Vandenberg moet immers tegen een centrale contradictie opboksen: als rasschilder in de greep van een eeuwige queeste naar het licht moet hij uiteindelijk telkens vaststellen dat het paradijs van het absolute licht per definitie geen greintje schaduw toelaat, wat zowat gelijkstaat met de hel. Schaduw immers biedt beschutting, de mogelijkheid om zichzelf of iets anders te verbergen, om af te koelen. Eeuwig blootgesteld aan het licht, worden veel van zijn ruw geschetste figuren aangegrepen door een razernij die hen doet moorden, branden en verkrachten, terwijl de anderen in de onmogelijkheid verkeren om te vluchten, en dus altijd in de rol van slachtoffers geduwd worden, overgeleverd aan bestialiteiten.
In zo’n verschrikkelijke hellehemel zit uiteraard geen enkele ontwikkeling. Alle beelden zijn – soms uitentreuren – voortzettingen en varianten van elkaar. De schilder veroordeelt zichzelf tot het bijna blind opdelven van zijn diepste verlangen naar het absolute. Daarbij telkens weer gesteld voor de onmogelijkheid van absolute schilderkunst – een sublieme, lichtende abstractie, wie weet – ziet Vandenberg zich genoopt tot de meest grondige profanatie.
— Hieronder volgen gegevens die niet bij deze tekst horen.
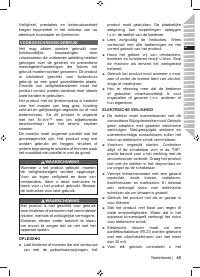 Страница 47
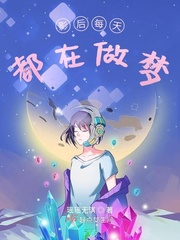 创造与魔法蓝马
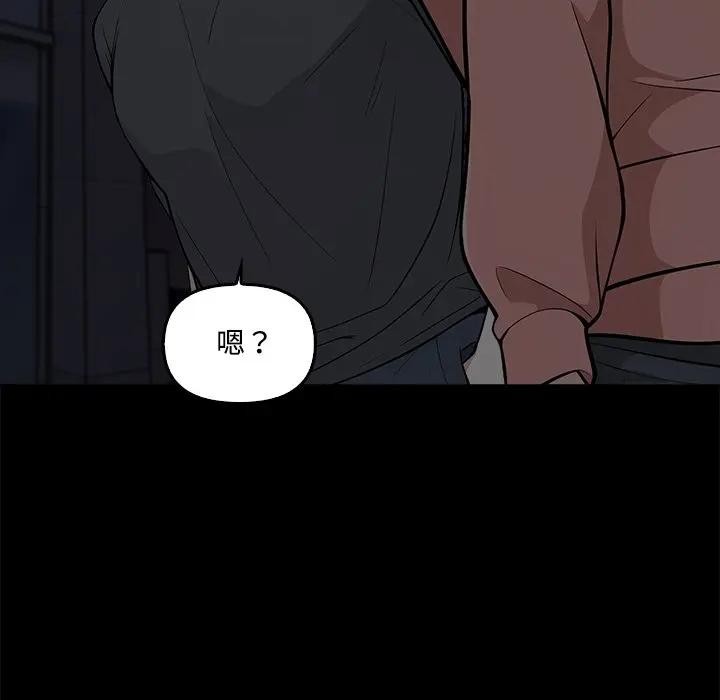 大学女生宿舍的秘密 - 第1话 - page 31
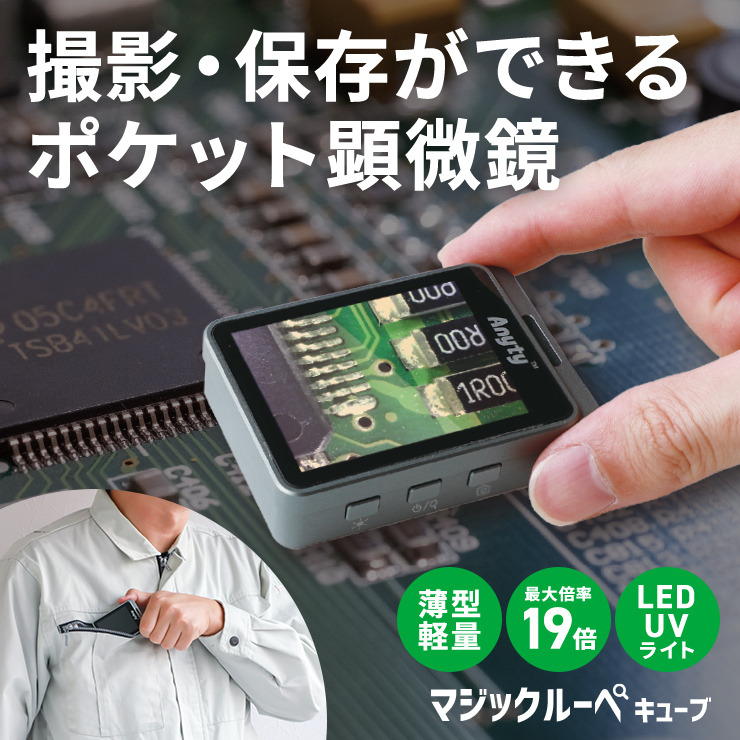 値下げ キーラー パノラミックルーペ 5.5倍 高倍率 サージカルルーペ 
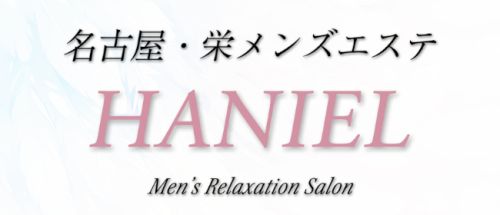 名古屋・栄メンズエステ~HANIEL~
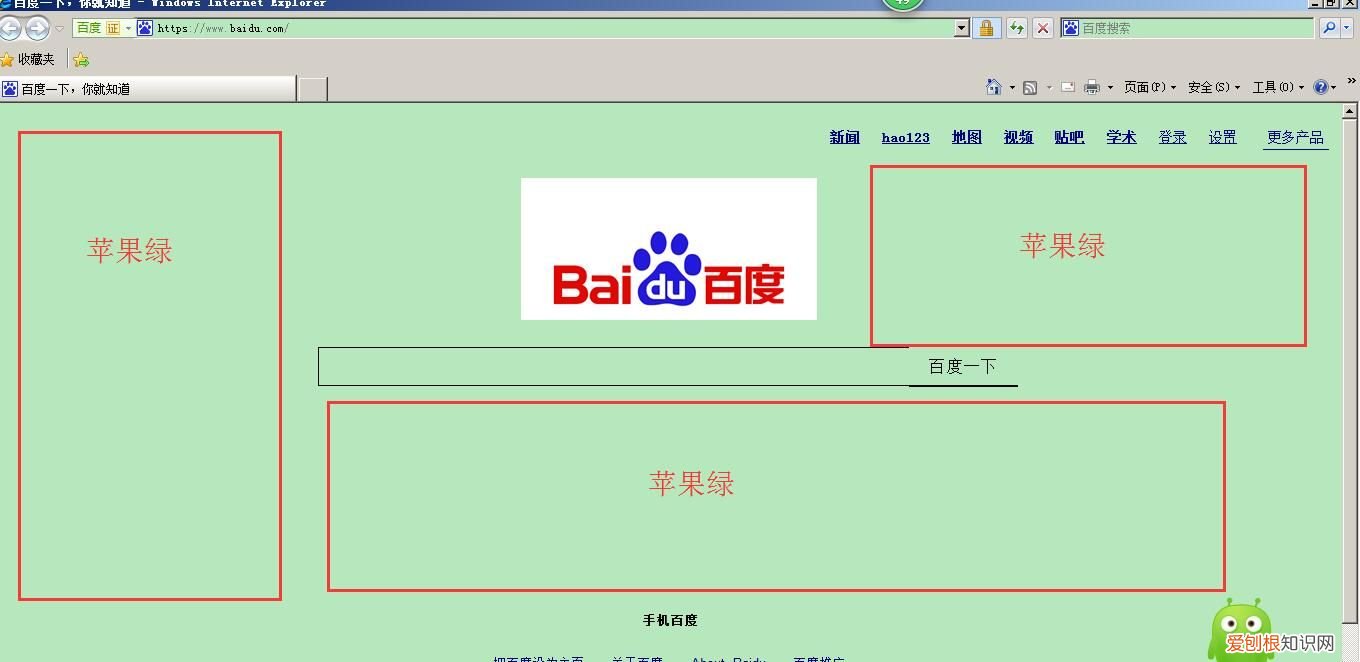 如何给电脑设置护眼保护色 对眼睛好的电脑设置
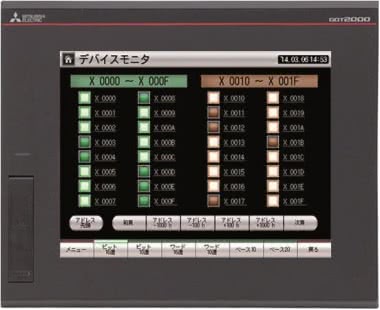 Mitsubishi 8,4"TFT AC VGA    GT2508-VTBA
In die zin is zijn creatieve proces er ook een van vernietiging.
Om uit de infernale cirkel te breken, zou hij de louter innerlijke visioenen en hallucinaties moeten kunnen stilleggen en de milde rust opbrengen om opnieuw schaduw toe te laten. Dat kan slechts wanneer hij de waarneming van de werkelijkheid niet zou uitschakelen als mogelijk uitgangspunt. Maar in zijn monoloog tegen de onzichtbare Vandevelde doet hij hetgeen hij om zich heen ziet, in één zin af als anekdotes en verhalen, terwijl hij vurig verkondigt slechts interesse te betonen voor “wat er achter de zaken bestaat”. Begiftigd met een louter in zichzelf gekeerde blik, lijkt het voor Philippe Vandenberg natuurlijk onbegonnen werk om ooit iets anders te zien dan het verzengende licht van het absolute, waar geen absolute kunst uit voortkomt.
Thierry De Cordier, SMAK – Citadelpark, Gent. Tot 27/2. Elke dag behalve op maandag open van 10 tot 18 u.
Philippe Vandenberg, MUHKA, Leuvenstraat 32, Antwerpen. Tot 6/2. Elke dag behalve op maandag open van 10 tot 17 u.